Tag Archives: fastq

Batch download from NCBI SRA

It has been some time since I’ve posted anything, and I’m trying to start blogging regularly again. I’ve already described how to do a batch submission of data to the NCBI Sequence Read Archive, but today I was trying to do a batch download of a set of SRA sequence data for a project. Turns out, it can be a bit difficult to setup and use the SRA Toolkit, at least in my opinion, but it is certainly easier than uploading data. Fortunately, I found a nice Biostars thread that solved this issue for me, so I figured I’d reiterate it here for my own reference, and that of others.

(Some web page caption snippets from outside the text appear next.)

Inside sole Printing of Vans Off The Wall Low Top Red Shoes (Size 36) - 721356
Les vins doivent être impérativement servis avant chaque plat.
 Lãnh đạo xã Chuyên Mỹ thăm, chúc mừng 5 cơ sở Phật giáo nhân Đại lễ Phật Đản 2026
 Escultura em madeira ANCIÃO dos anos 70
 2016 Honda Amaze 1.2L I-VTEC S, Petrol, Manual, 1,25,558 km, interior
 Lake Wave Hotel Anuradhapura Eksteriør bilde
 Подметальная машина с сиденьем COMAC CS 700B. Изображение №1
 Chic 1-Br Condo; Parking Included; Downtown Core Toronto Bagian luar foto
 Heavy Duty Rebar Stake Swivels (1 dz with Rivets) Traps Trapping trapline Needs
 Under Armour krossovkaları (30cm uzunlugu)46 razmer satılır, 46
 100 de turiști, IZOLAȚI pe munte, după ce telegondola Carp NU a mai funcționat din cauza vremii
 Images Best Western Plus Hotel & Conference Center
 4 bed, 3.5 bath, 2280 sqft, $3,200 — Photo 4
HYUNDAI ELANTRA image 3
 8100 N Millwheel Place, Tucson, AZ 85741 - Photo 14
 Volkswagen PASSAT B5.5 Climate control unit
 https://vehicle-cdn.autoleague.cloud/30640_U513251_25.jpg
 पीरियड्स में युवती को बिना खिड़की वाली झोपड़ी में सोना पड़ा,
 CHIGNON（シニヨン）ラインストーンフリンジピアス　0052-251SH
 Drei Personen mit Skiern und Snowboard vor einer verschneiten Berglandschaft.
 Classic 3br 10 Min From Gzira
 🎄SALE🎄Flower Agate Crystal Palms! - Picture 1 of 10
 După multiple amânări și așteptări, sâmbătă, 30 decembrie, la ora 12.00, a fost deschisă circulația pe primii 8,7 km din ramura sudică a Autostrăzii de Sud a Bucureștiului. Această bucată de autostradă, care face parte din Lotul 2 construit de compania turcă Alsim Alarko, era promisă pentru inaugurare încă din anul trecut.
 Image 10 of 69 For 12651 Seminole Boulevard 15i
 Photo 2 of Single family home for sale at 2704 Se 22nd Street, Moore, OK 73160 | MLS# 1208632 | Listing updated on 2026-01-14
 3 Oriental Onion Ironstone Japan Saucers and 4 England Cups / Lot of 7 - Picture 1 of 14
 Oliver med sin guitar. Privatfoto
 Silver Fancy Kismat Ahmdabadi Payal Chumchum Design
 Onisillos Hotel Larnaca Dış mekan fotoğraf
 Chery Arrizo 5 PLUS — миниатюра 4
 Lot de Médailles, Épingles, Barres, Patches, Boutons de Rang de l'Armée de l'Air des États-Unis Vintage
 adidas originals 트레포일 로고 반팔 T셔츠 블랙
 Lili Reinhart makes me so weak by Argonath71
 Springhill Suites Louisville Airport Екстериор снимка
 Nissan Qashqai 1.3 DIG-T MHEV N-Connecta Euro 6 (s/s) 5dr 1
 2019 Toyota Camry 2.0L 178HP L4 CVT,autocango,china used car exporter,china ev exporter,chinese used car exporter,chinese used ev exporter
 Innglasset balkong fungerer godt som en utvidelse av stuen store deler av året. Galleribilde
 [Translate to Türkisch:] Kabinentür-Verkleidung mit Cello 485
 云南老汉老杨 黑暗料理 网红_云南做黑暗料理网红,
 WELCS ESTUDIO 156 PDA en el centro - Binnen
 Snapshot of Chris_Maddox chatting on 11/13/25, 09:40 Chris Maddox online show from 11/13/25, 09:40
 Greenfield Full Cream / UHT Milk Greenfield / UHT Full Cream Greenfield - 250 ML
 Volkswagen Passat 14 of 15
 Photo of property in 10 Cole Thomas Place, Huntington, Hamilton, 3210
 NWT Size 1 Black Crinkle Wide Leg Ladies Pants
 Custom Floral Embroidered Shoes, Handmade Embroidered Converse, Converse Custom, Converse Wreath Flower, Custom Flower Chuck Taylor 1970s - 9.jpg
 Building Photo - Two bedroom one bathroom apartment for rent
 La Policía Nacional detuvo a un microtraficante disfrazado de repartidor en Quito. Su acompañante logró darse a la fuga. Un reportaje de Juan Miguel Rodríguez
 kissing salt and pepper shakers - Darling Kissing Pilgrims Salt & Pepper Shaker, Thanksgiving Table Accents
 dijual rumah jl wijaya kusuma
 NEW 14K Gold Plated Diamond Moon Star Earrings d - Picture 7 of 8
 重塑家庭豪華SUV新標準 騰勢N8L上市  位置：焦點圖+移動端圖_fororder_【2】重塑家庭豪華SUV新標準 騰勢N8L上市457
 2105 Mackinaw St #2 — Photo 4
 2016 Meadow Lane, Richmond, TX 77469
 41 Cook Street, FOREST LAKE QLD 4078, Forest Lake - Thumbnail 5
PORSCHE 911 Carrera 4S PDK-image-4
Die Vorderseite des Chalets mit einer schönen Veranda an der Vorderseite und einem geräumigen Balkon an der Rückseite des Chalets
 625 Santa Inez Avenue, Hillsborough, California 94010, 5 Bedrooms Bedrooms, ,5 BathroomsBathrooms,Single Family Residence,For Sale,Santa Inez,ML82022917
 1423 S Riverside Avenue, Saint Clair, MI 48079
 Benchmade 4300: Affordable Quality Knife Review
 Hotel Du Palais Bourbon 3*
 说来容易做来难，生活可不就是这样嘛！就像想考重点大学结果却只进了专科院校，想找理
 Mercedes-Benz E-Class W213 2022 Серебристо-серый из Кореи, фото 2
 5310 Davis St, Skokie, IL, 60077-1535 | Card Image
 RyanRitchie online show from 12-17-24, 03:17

You can find the thread by visiting https://www.biostars.org/p/111040/.

The command is a long pipe, as follows:

$ esearch -db sra -query <accession> | efetch --format runinfo | cut -d ',' -f 1 | grep SRR | xargs fastq-dump --split-files --bzip2

I’ll break this all down so it is apparent what this command is doing.

  1. First, esearch, part of the NCBI Entrez Direct utilities, queries the database chosen (here, the SRA) with an accession (in the case of a batch, a Bioproject is most appropriate).
  2. The STDOUT from #1 is directed into efetch, which uses this metadata to format a report in the ‘runinfo’ format, which is a comma-separated table of information about the accession.
  3. The STDOUT from #2 is then subsetted, such it splits columns by commas and takes only the first column, which corresponds to the SRR accession numbers.
  4. The STOUT list of SRR accession (#3), plus the header you don’t want, are then sent through grep so that only SRR accession numbers are passed along.
  5. Finally, xargs is used to take the STDOUT from #4 and run fastq-dump, from the NCBI SRA Toolkit, on it. The --split-files argument splits the paired reads into two files, instead of interleaving them, and the --bzip2 flag allows you to compress the output fastq files (you could use –gzip instead).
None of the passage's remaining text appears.